Principles of Early Intervention

family outddors

The Illinois Interagency Council on Early Intervention’s “Principles of Early Intervention” guide the outcomes families and early intervention providers hope to achieve throughout a child’s time in the Illinois early intervention program. This revised version of the principles was published in January 2021.

  1. The primary goal of Early Intervention (EI) is to build caregiver capacity by supporting their ability to promote their child’s optimal development and to facilitate their child’s participation in family and community activities.
  2. The focus of EI is to facilitate the active participation of families in the EI process by engaging caregivers in the planning and implementation of services, including embedding intervention strategies into family life, such as routines, activities and interactions with their child. It is the family/caregivers who provide the real EI by creatively adapting their caregiving methods to facilitate the development of their child, while balancing the needs of the rest of their family.
  3. EI requires a collaborative relationship between families and professionals, with equal participation by all those involved in the process.  An on-going, equal family-professional partnership and dialogue is needed to develop, implement, monitor, and modify intervention strategies and services.

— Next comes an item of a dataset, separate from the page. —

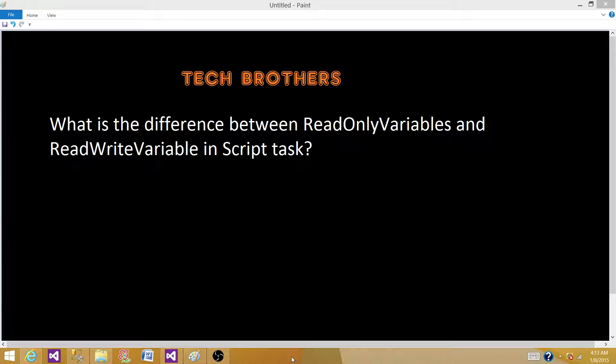Welcome to Tech Brothers with Ahmed. Today we are going to answer this question: What is the difference between read-only variables and read-write variables in Script Tasks?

  4. Intervention must be linked to specific, Individualized Family Service Plan (IFSP) goals that are family-centered, culturally relevant, functional, and measurable using culturally and linguistically responsive and affirming practices.  Services and intervention strategies should focus on supporting each family’s IFSP outcomes, as well as promoting child and family outcomes that support communication access.

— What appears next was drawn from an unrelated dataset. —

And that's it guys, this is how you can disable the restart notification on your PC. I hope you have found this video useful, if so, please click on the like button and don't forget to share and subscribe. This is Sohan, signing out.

  5. Services and interventions shall be integrated into a comprehensive IFSP that requires families and professionals work together to consistently exchange knowledge and information with each other. It also requires collaborating across disciplines within the broader early childhood system to increase the team’s capacity to jointly solve problems and implement interventions.  The plan shall be built around family strengths, priorities, resources, routines and activities and avoid unnecessary duplication of services. Services and strategies are based upon the best available research, recommended practices in the field and special education laws and regulations.
  6. Services, interventions and progress should be monitored periodically through ongoing observations and discussions with all team members to ensure that the strategies implemented are successful in achieving outcomes.
  7. Ongoing communication and collaboration with EI professionals, family members and professionals in partnering systems outside of EI, who are supporting each family is encouraged. Ongoing communication among all team members allows for coordinated, culturally-relevant and comprehensive services within and across systems to best support families’ priorities, changing circumstances, and transitions.
  8. Children and their families in the EI Program deserve to have services of the highest quality possible. High standards will be set for the training and credentialing of administrative and intervention staff. Training, supervision, and technology will be focused to achieve excellence.